Task objective: Produce a word-for-word copy of the line that contains "Nickel Dome Shade" and each line after it through the end of the material, omitting pictures and all other lines.

Information shown:
============================================================

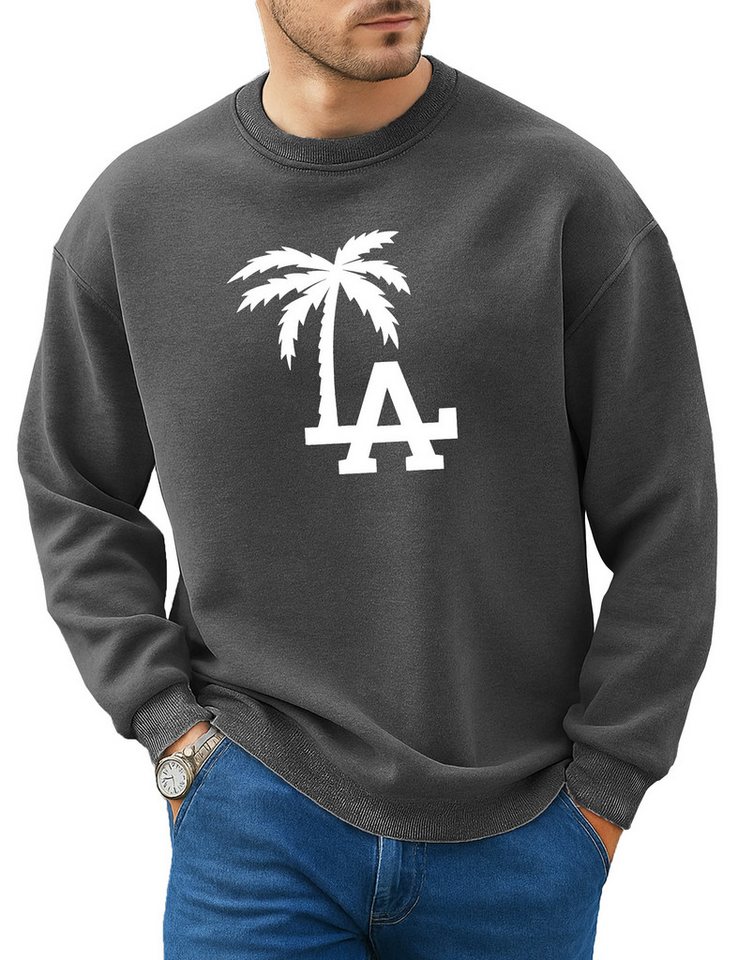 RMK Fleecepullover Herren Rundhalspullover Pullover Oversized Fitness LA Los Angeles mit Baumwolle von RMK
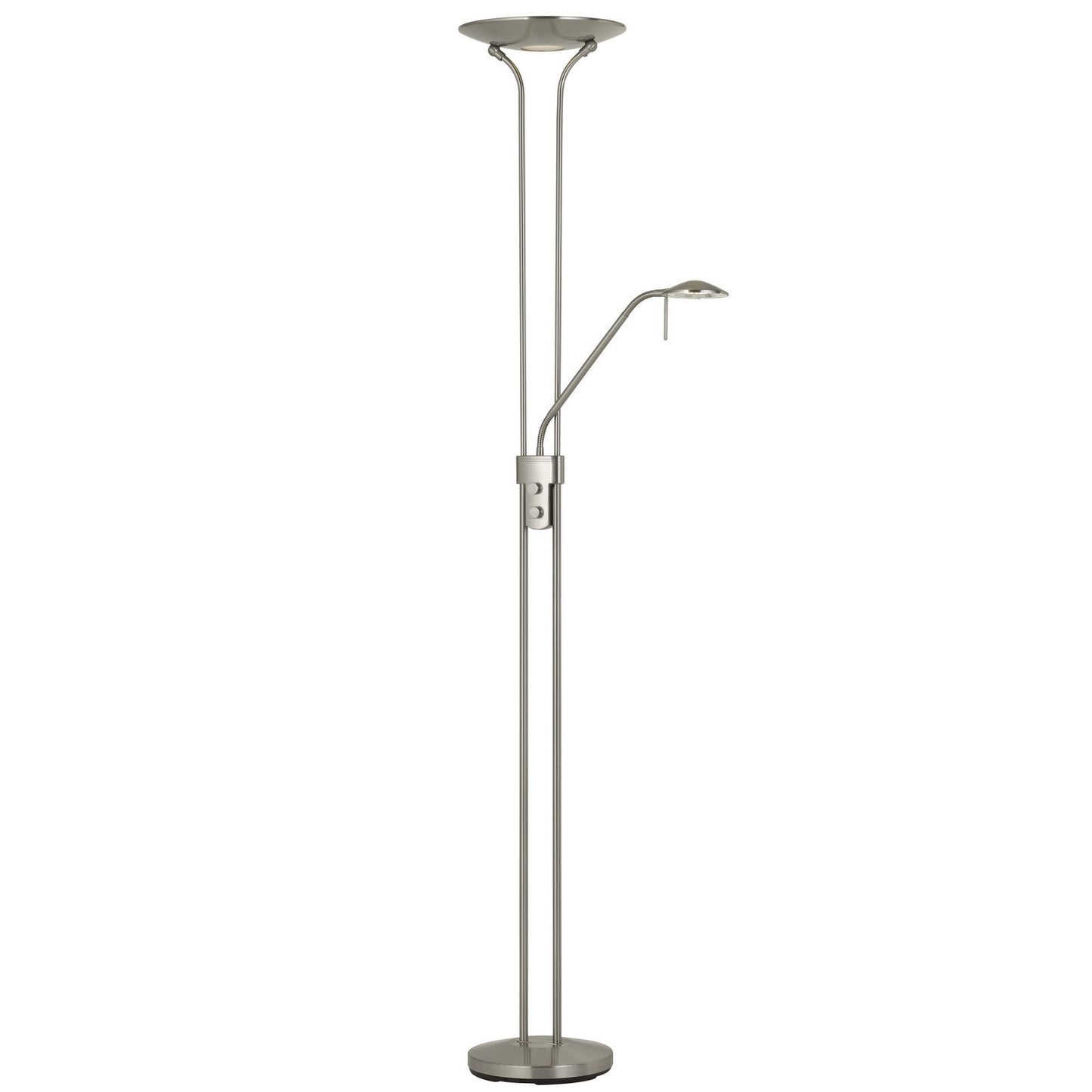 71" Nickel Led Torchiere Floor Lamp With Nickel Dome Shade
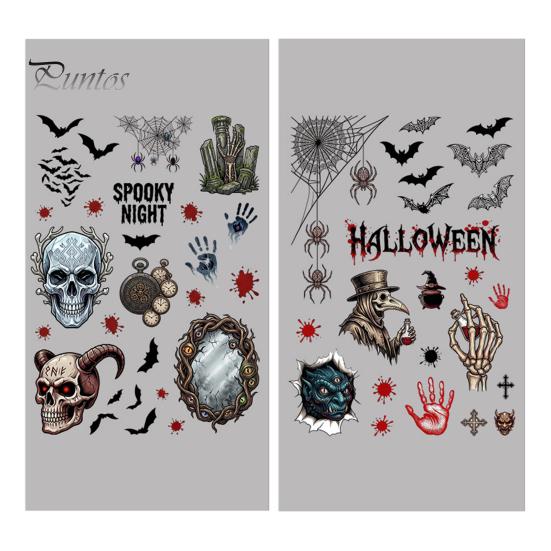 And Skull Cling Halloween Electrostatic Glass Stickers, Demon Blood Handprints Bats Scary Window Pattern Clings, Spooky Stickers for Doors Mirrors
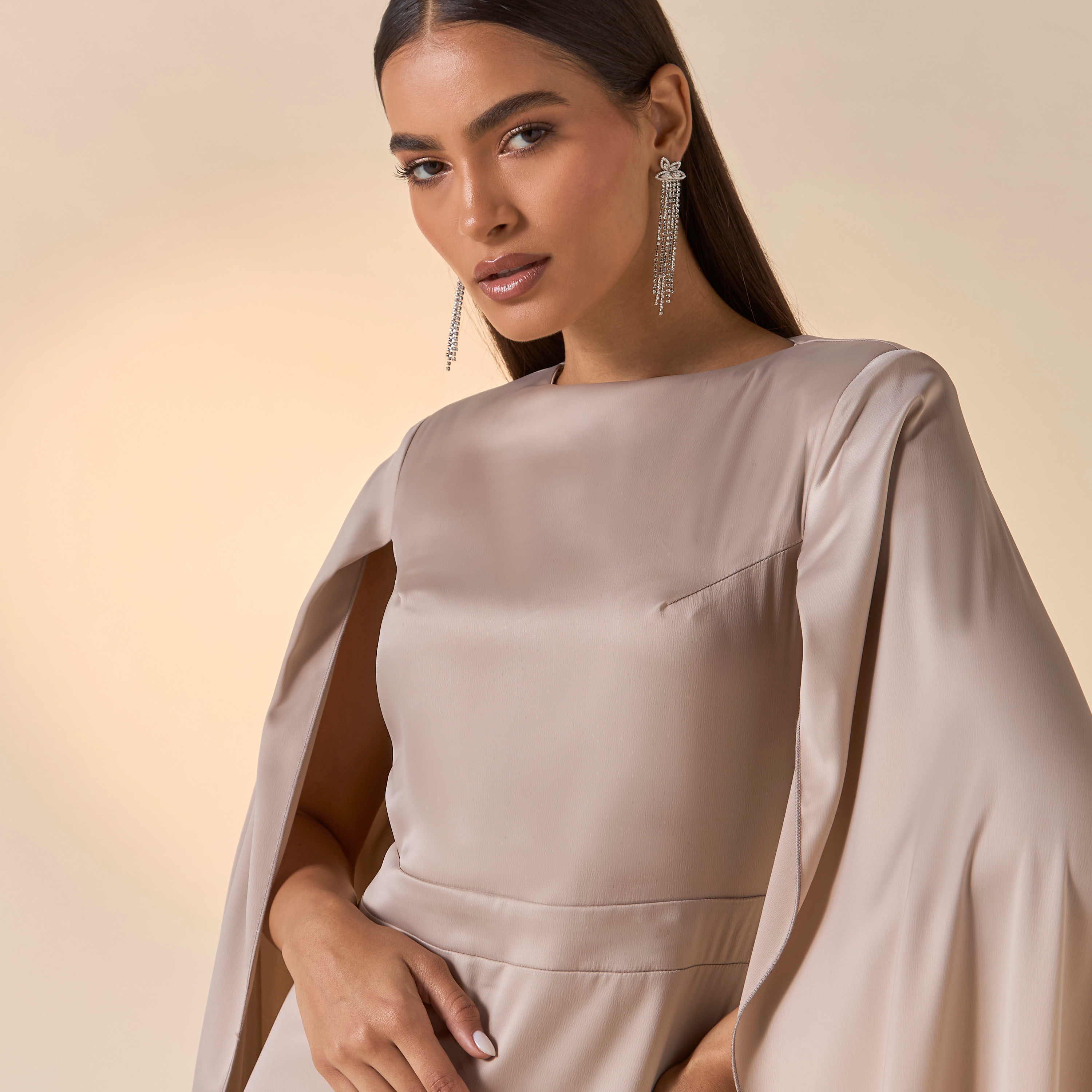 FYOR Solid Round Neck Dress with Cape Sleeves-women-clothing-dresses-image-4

============================================================

Solution for this problem:
 71" Nickel Led Torchiere Floor Lamp With Nickel Dome Shade
 And Skull Cling Halloween Electrostatic Glass Stickers, Demon Blood Handprints Bats Scary Window Pattern Clings, Spooky Stickers for Doors Mirrors
 FYOR Solid Round Neck Dress with Cape Sleeves-women-clothing-dresses-image-4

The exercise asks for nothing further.